2009 saw several key developments which Hrlaw took a brief look at in December (http://www.hrlaw.co.uk/site/focus/employment_law_cases_2009). This article looks forward to 2010 and at further key cases which are likely to be decided in the new year.
1. Discrimination on grounds of philosophical belief
In November 2009 the EAT in Grainger plc and others v Nicholson upheld a Tribunal’s decision that an employee’s belief in man-made climate change and a moral duty to mitigate or avoid the effects of climate change was capable of being a philosophical belief under the Employment Equality (Religion or Belief) Regulations 2003.
This case will now go to a hearing to decide whether Mr Nicholson was in fact subjected to discrimination when dismissed. The outcome of this hearing will be of interest as the EAT suggested that to establish a philosophical belief, unlike a religious belief, it is likely that cross examination will be needed to show the belief is actually held.

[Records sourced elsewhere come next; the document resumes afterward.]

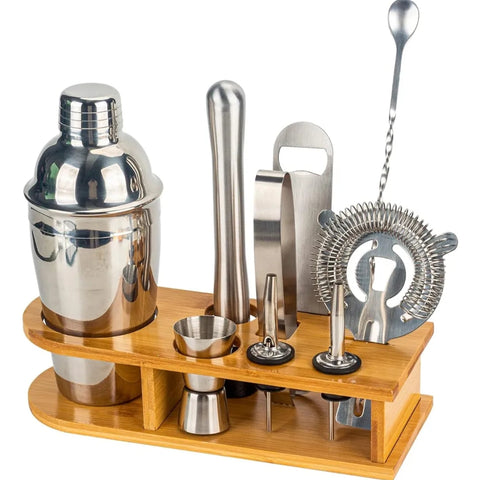 Set Coctelera 550ml con Base de Madera y Accesorios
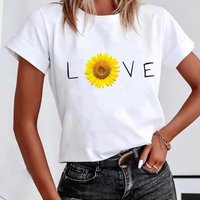Short Sleeve Leopard Love Letter Trend Women's Print Tee Top Summer Fashion Tshirt Woman Female Basic T Clothing Graphic T-shirts XXL white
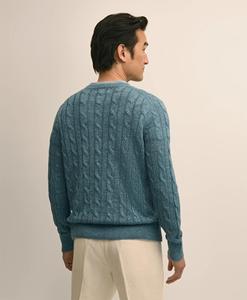 Pull en tricot bleu à col rond pour homme, coupe classique, couleur unie, sweat-shirt décontracté, vêtement d'automne - Product Image 2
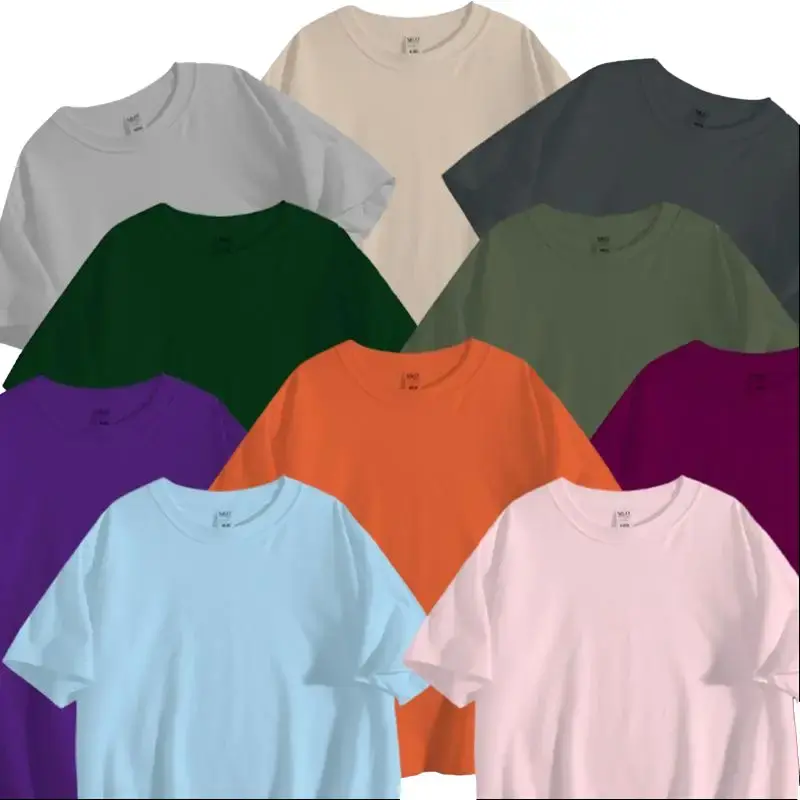 Men's Solid Color Oversized T-Shirt 100% Cotton Loose Fit Plain Basic Tee Casual Streetwear Short Sleeve Top for Daily Wear, Embroidery, Jackets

2. Discrimination on grounds of religious belief
In the case of Eweida v British Airways the EAT held that Mrs Eweida had not suffered indirect discrimination when her employer, BA, insisted that she conceal the cross on her necklace, as required by BA’s uniform policy. The EAT held that the employer’s uniform policy did not place Christians at a particular disadvantage as all employees were required to abide by the policy and that the wearing of a visible cross was not a religious requirement.
The Court of Appeal is due to hear Mrs Eweida’s appeal on 19-20 January 2010. It was suggested by the EAT that if Mrs Eweida is able to establish that Christians were placed at a particular disadvantage British Airways would not be able to objectively justify the policy.
3. Discrimination on grounds of age
The Court of Appeal is to hear the employer’s appeal in the case of Mayor and Burgesses of the London Borough of Tower Hamlets v Wooster in May 2010 following the EAT’s finding that a decision to make an employee redundant which was motivated by a wish to end the employment relationship prior to the employee reaching 50 and thereby avoiding liability for his early retirement pension amounted to direct discrimination as it did not amount to a legitimate aim.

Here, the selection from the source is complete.